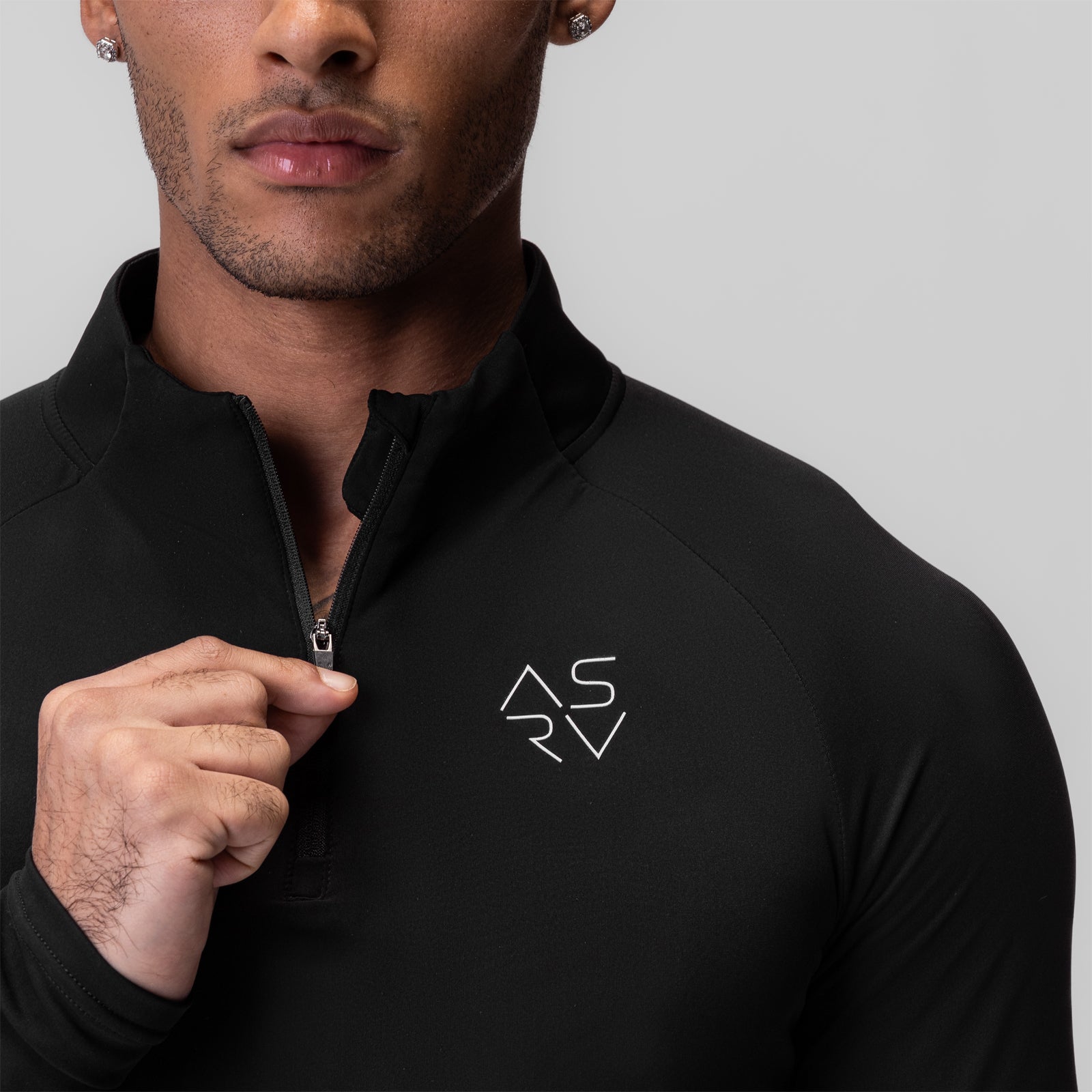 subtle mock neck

************

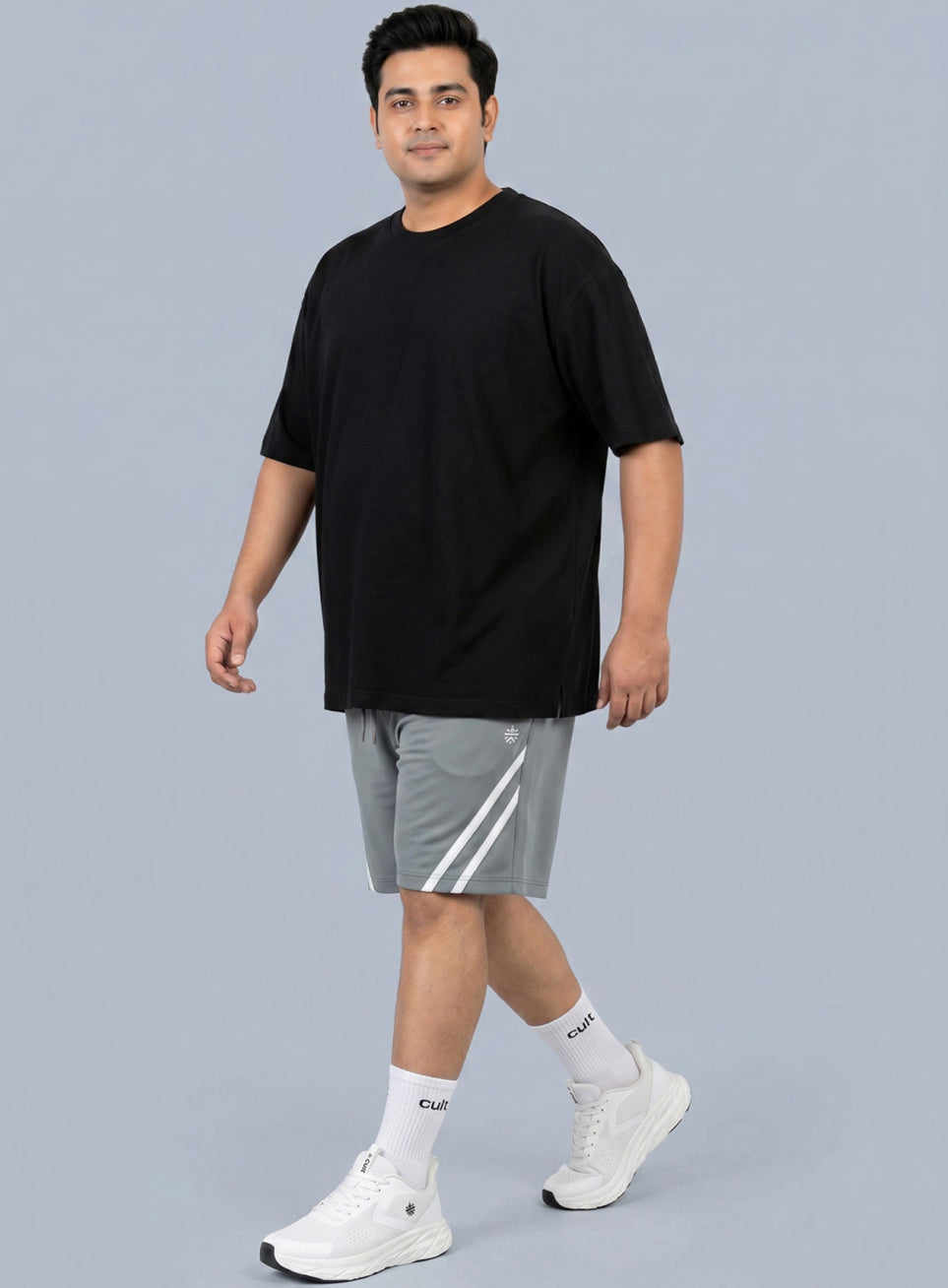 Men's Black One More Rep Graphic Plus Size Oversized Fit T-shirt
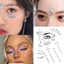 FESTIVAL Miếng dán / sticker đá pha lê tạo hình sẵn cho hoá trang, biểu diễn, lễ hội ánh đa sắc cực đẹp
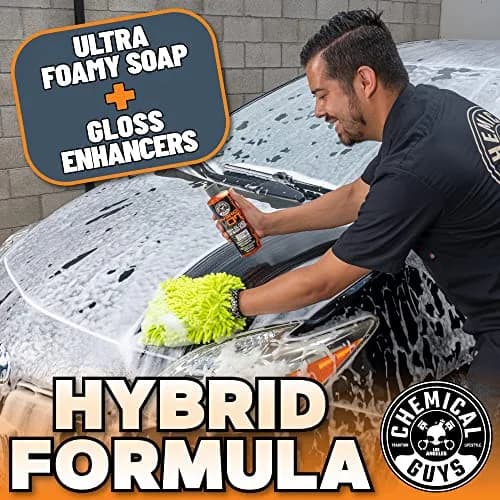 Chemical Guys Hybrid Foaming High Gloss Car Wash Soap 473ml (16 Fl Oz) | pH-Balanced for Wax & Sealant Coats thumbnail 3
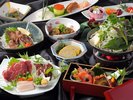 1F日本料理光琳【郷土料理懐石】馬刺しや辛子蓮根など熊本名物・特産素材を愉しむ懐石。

************

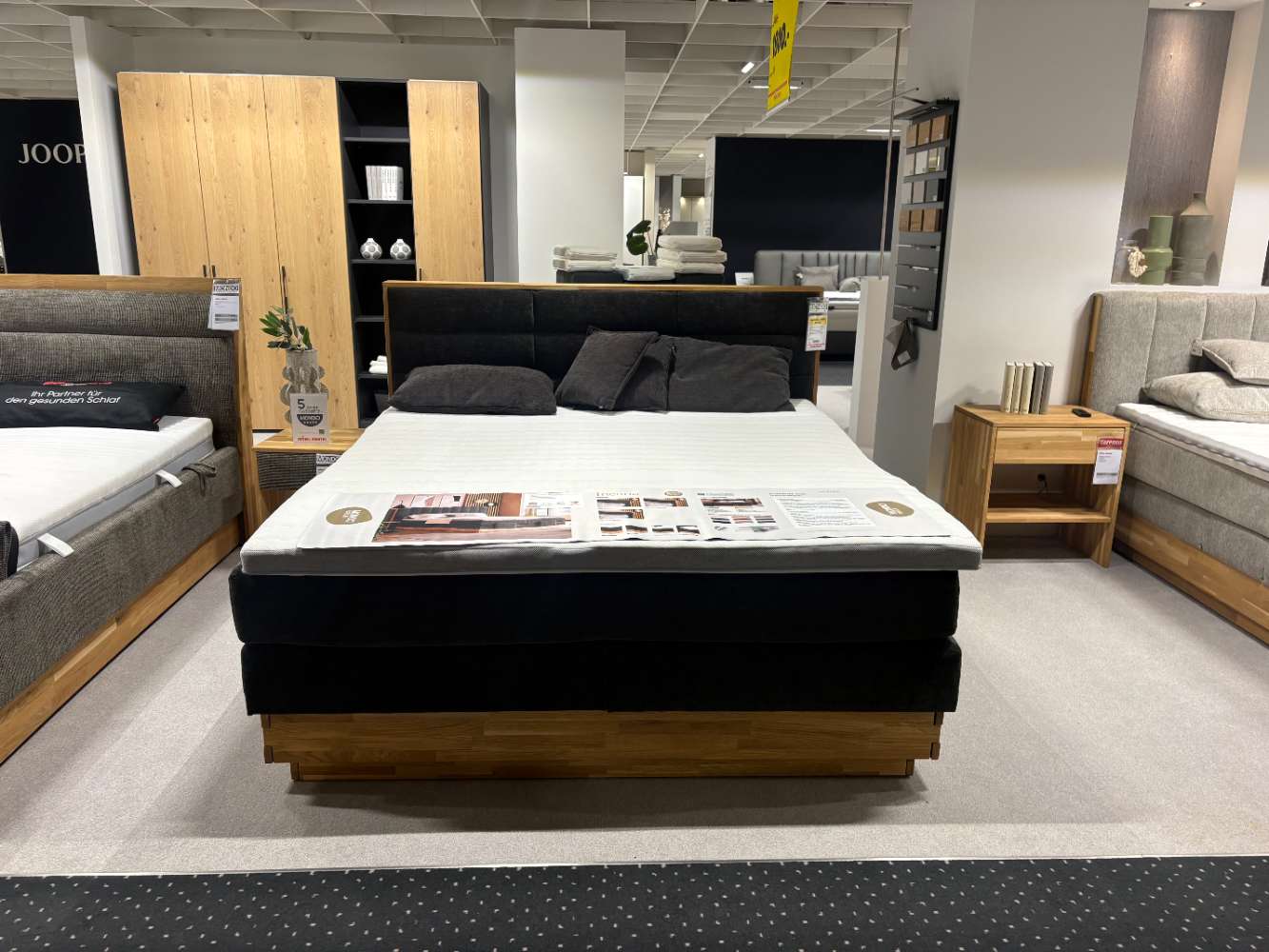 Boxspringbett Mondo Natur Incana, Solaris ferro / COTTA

************

Exactly as written above, retype the lines starting at the one holding "Chemical Guys Hybrid" and ending at the one holding "1F日本料理光琳【郷土料理懐", both included, but not the pictures.

### [COMPLETED EXERCISE]
 Chemical Guys Hybrid Foaming High Gloss Car Wash Soap 473ml (16 Fl Oz) | pH-Balanced for Wax & Sealant Coats thumbnail 3
 1F日本料理光琳【郷土料理懐石】馬刺しや辛子蓮根など熊本名物・特産素材を愉しむ懐石。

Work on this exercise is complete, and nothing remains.